US authorities hold Irish-born contractor over hacking

A military contractor suspected of hacking into the teenage girls’ computers and threatening to post their personal information…

A military contractor suspected of hacking into the teenage girls’ computers and threatening to post their personal information online unless they sent him revealing photos was arrested by US authorities.

Irish-born Patrick Connolly, who had been living at a US military base in Baghdad, Iraq, was charged with a single count of computer hacking following his arrest last Friday in Atlanta. Authorities have 30 days to obtain an indictment and more charges could be filed.

"Right now, he's facing some very serious charges," said Steve Cole, a spokesman for the US Attorney's Office.

After investigating him for five years, FBI agents were put back on Mr Connolly's trail last January after he Facebook-contacted one of the teenage girls he had allegedly harassed years earlier.

Authorities said last night it usually started with the girls getting persistent instant messages from an unfamiliar address.

When they asked who the sender was, they would get the response, "I'm your computer hacker". A request to send revealing photos would soon follow. If they refused, the hacker would threaten to post personal information online about the teenagers gathered from infiltrating their computers.
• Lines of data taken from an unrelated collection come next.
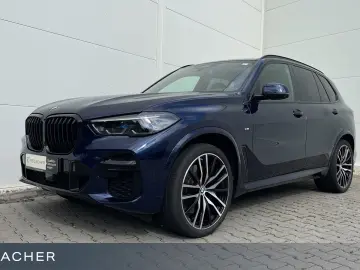 X5 xDrive40d M Sport DAPr.AHK B&W Laser HuD Pano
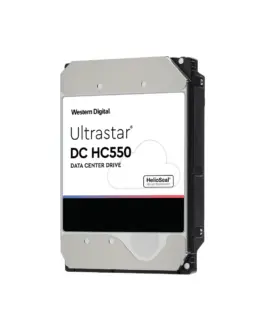 Хард диск WD (HGST) UltraStar DC HC550 16TB 512MB Cache SATA3 6.0Gb/s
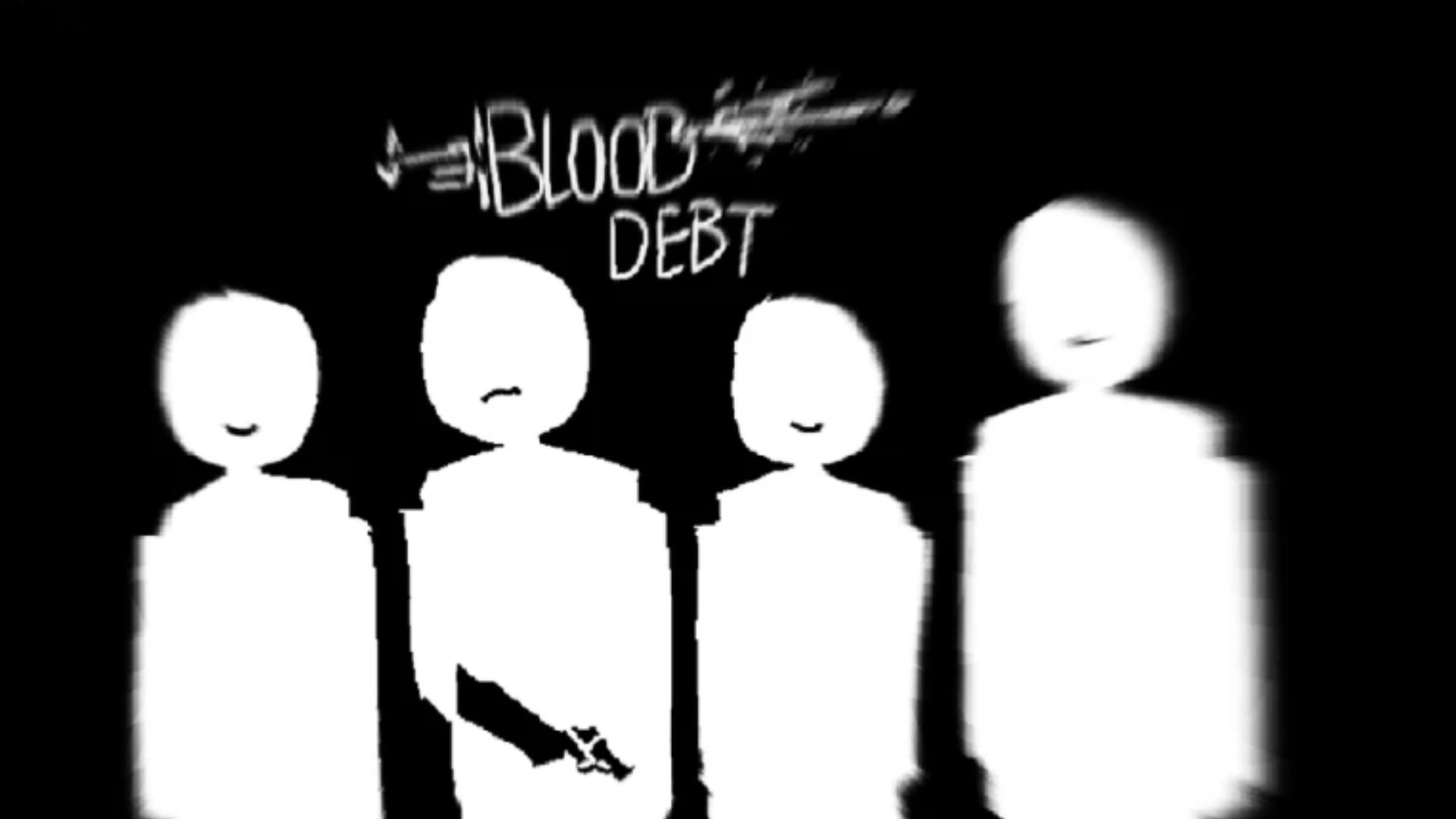 Best Blood debt character Roblox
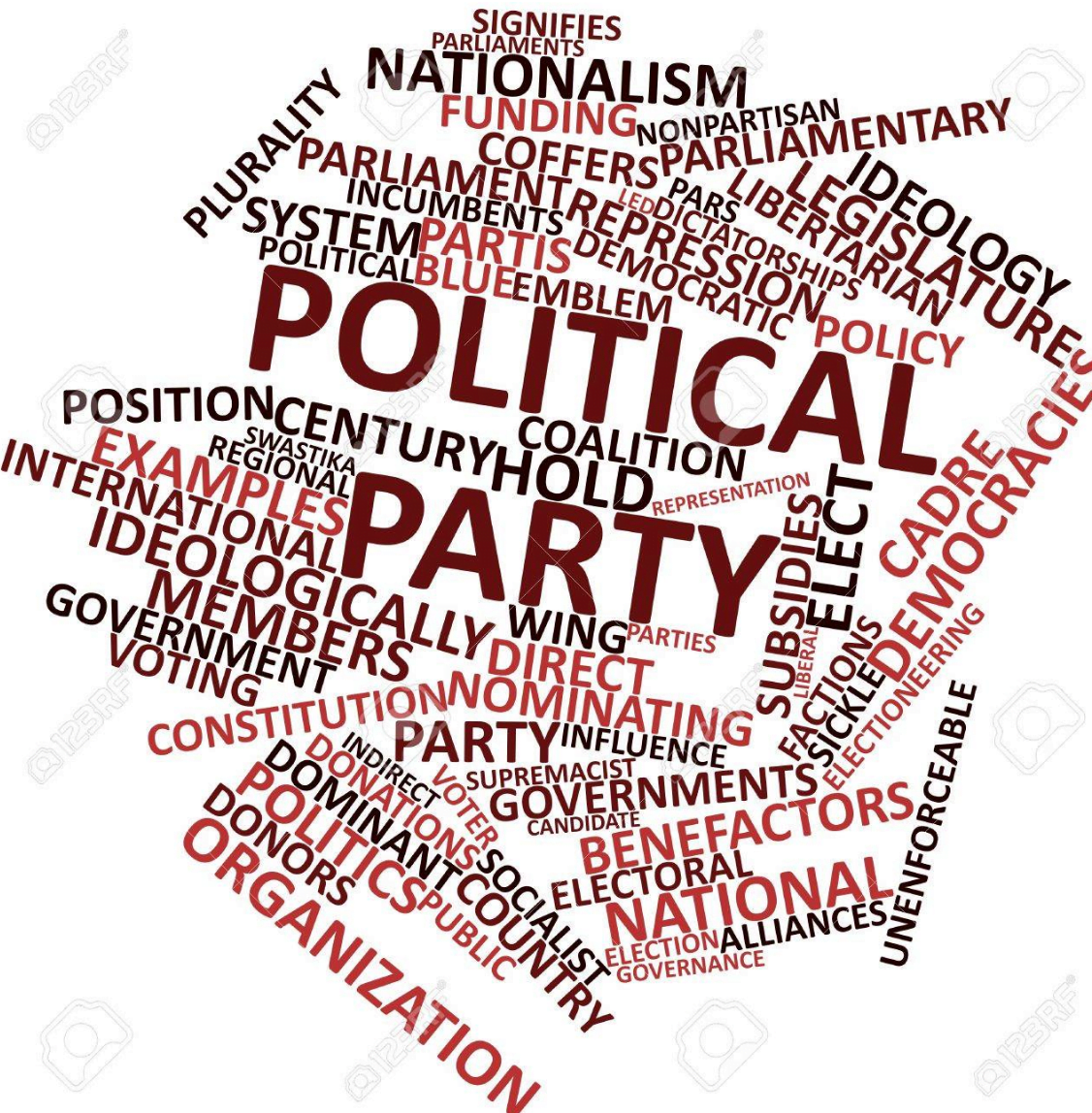 Read more about the article Parti national démocratique -F.N.D- الحزب الديمقراطي الوطني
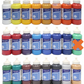 23x500ml Set Colours Acrylfarben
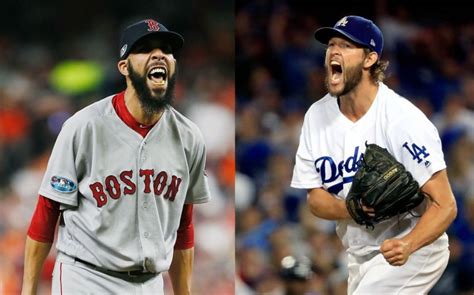 Mlb》世界大賽g5先發出爐 紅襪推普萊斯對決克蕭 自由體育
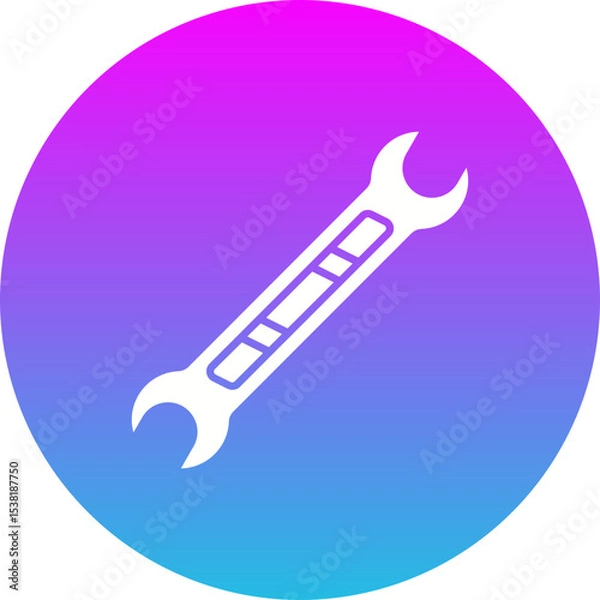 Obraz Wrench Icon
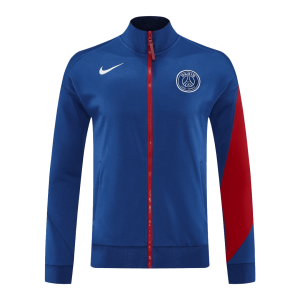 PSG Track Jacket 2025/26 – Navy&Red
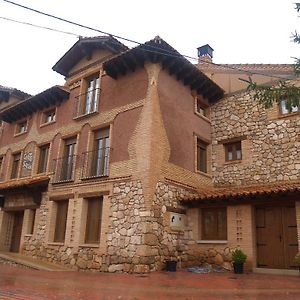 Casa Rural El Cuartel Konuk evi Tierzo Exterior photo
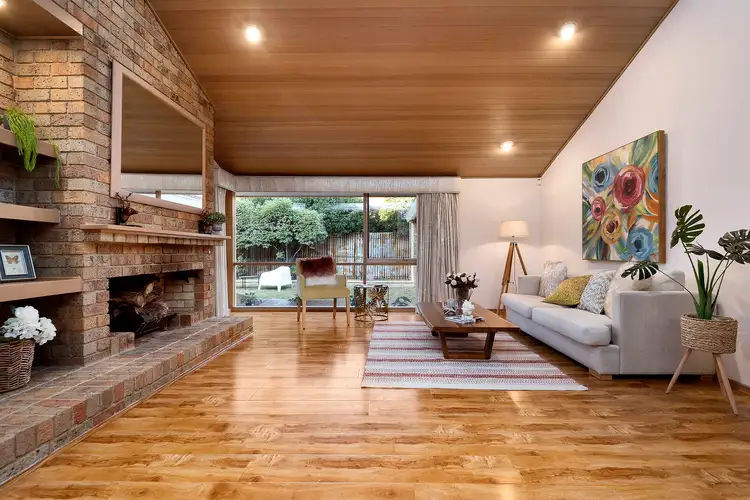 Second view of Homely house listing, 13 Maverick Close, Doncaster VIC 3108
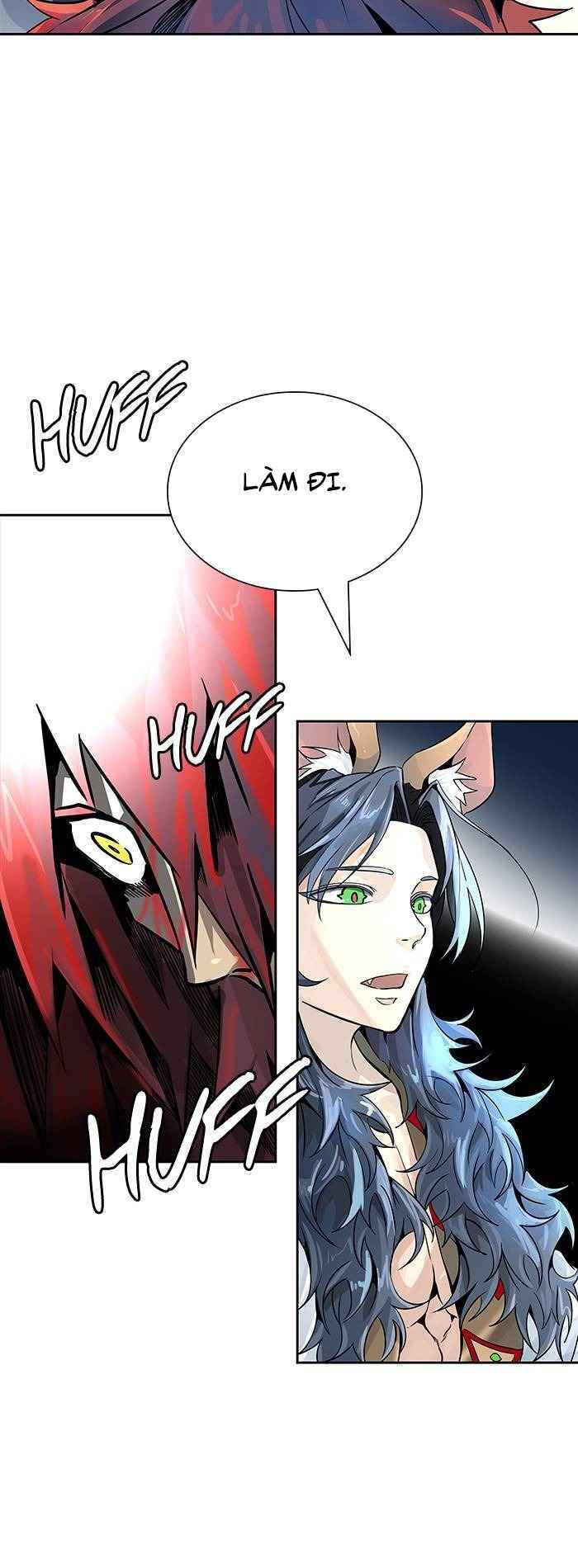 Cuộc Chiến Trong Tòa Tháp - Tower Of God: Chapter 493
Many of the teenage girls complied.

Mr Connolly had an initial court appearance in Atlanta on Monday and he was expected to be moved to Orlando in the next several days, where he will have a detention hearing in federal court.

Six of the seven teenage girls named as victims in the criminal complaint lived in Florida — the Space Coast, Orlando and Miami — but authorities said he contacted teenage girls around the world, beginning in 2005.

At various points, Mr Connolly threatened to hurt a teenage girl's sister, deleted permanent files on the computer of a second teenage girl for refusing to send suggestive images and warned he would send explicit webcam images made by a third teenage girl to her grandmother if she did not take more photos of herself, according to the criminal complaint.

He also showed up at the Orlando workplace of the third teenage girl, who was 16 at the time, wanting to take her to the Universal Studios theme park, the criminal complaint said. She refused.

Mr Connolly embedded programmes into the computers which gave him remote control of the computers and allowed him to look at photos and read files belonging to the teenage girls, according to the complaint.

FBI agents said they were helped in their investigation by a former accomplice who told authorities that he "shared victims" with Mr Connolly. Ivory Dickerson pleaded guilty in 2007 to manufacturing child pornography and possessing child pornography.

Authorities said he had upwards of 4,000 victims on his computer. Despite his co-operation, Dickerson, of North Carolina, was sentenced to 110 years in prison. Dickerson has since filed a motion to clear the sentence.